• [Excerpted records]:
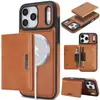 Aplicável à Capa de Celular Magnética Dois em Um iPhone 18 Suporte de Cartão Samsung S26 Carregamento Sem Fio MagSafe Capa de Couro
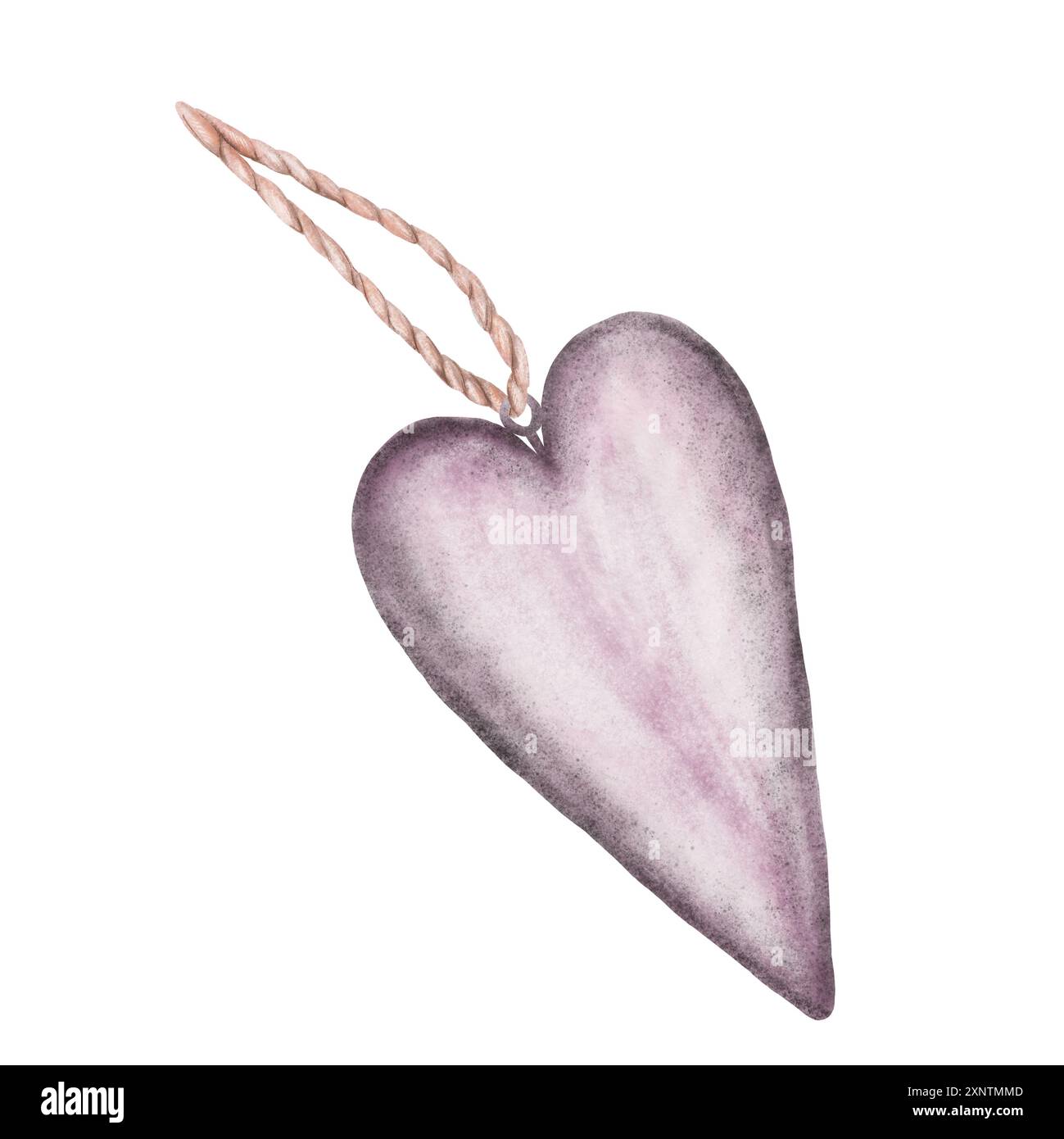 Decorative lilac heart on a rope. Pendant, key chain Traditional ...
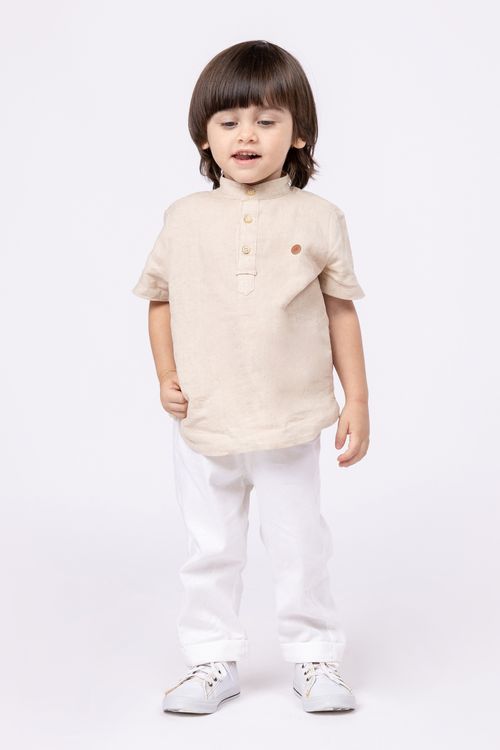 Bata para menino de cambraia de linho
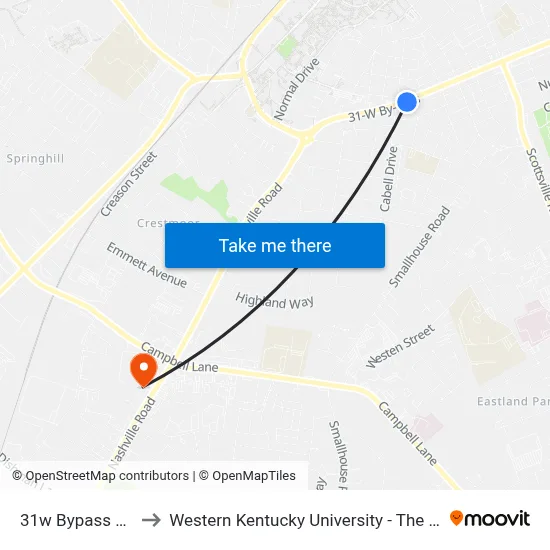 31w Bypass @ Dollar General to Western Kentucky University - The Center for Research & Development map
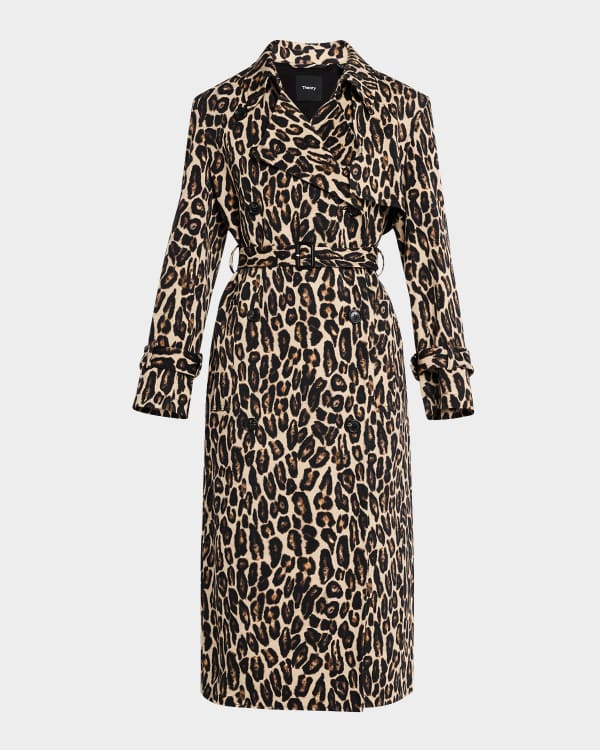 Elie tahari leopard coat sale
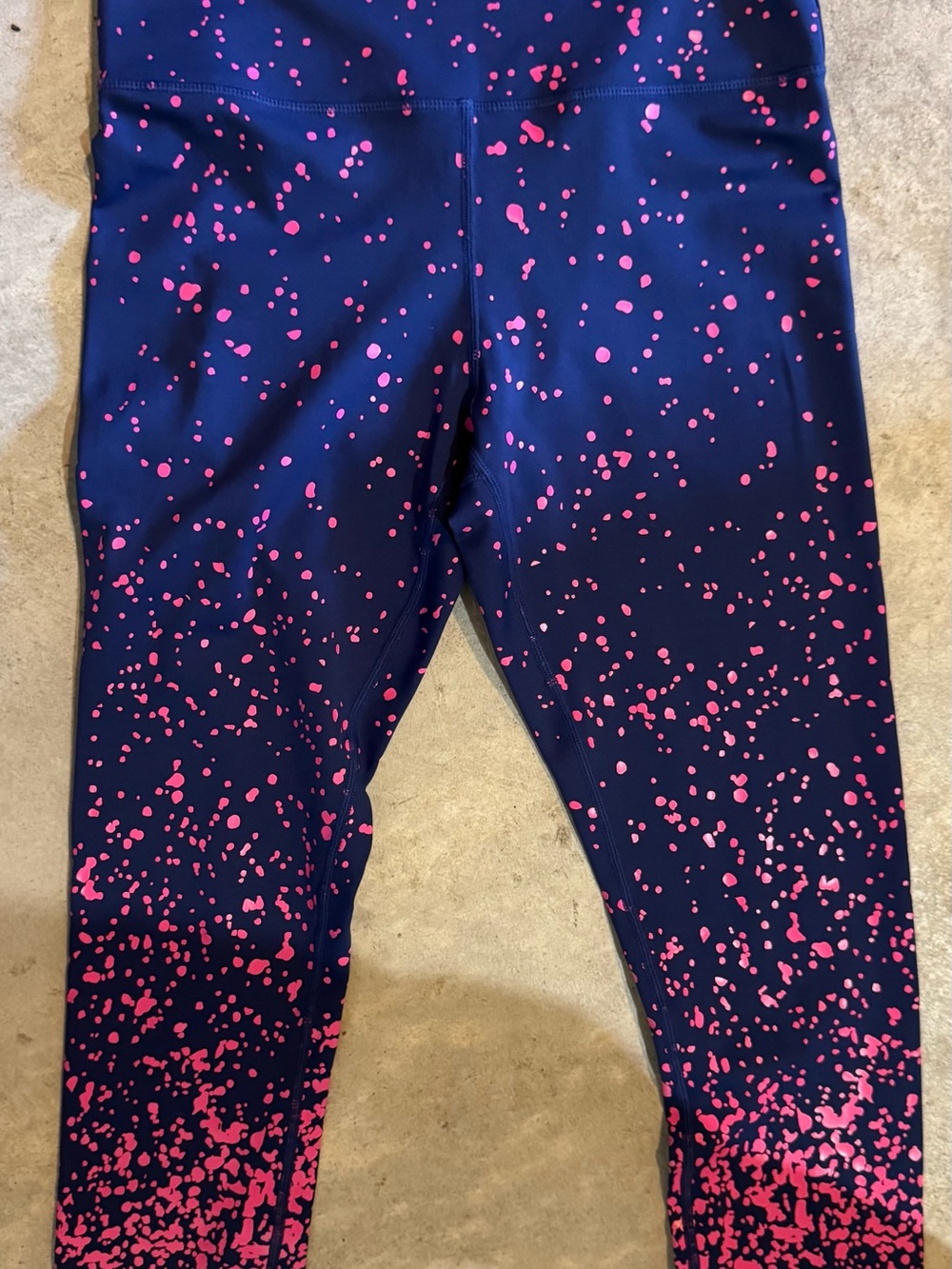 ZYIA Navy Leggings with Pink Speckle Print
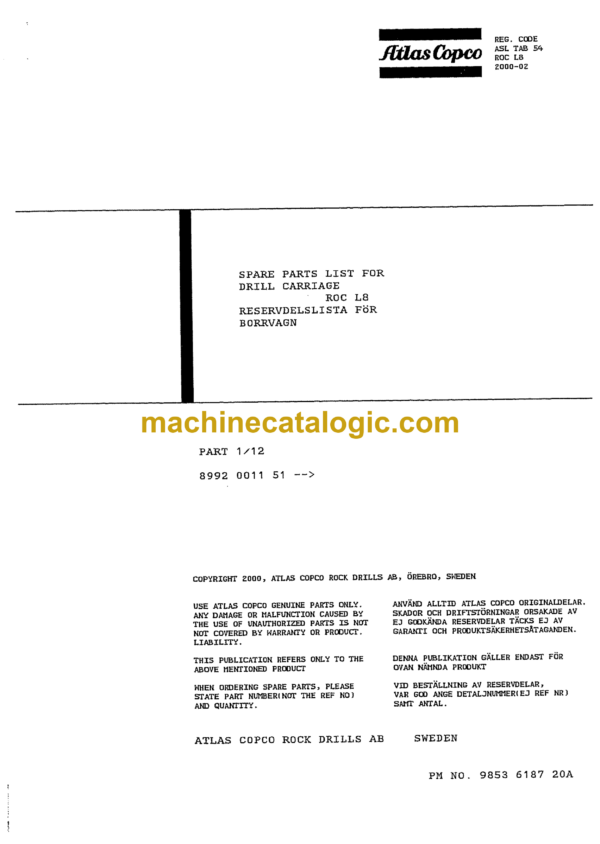 Atlas Copco ROC L8 Drill Rig Parts Catalog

• [Problem statement]: From the line with "31w Bypass @" down to the last line of the entries above, set down every line exactly, apart from the pictures.

• [Result]:
 31w Bypass @ Dollar General to Western Kentucky University - The Center for Research & Development map
 Elie tahari leopard coat sale
 ZYIA Navy Leggings with Pink Speckle Print
 Atlas Copco ROC L8 Drill Rig Parts Catalog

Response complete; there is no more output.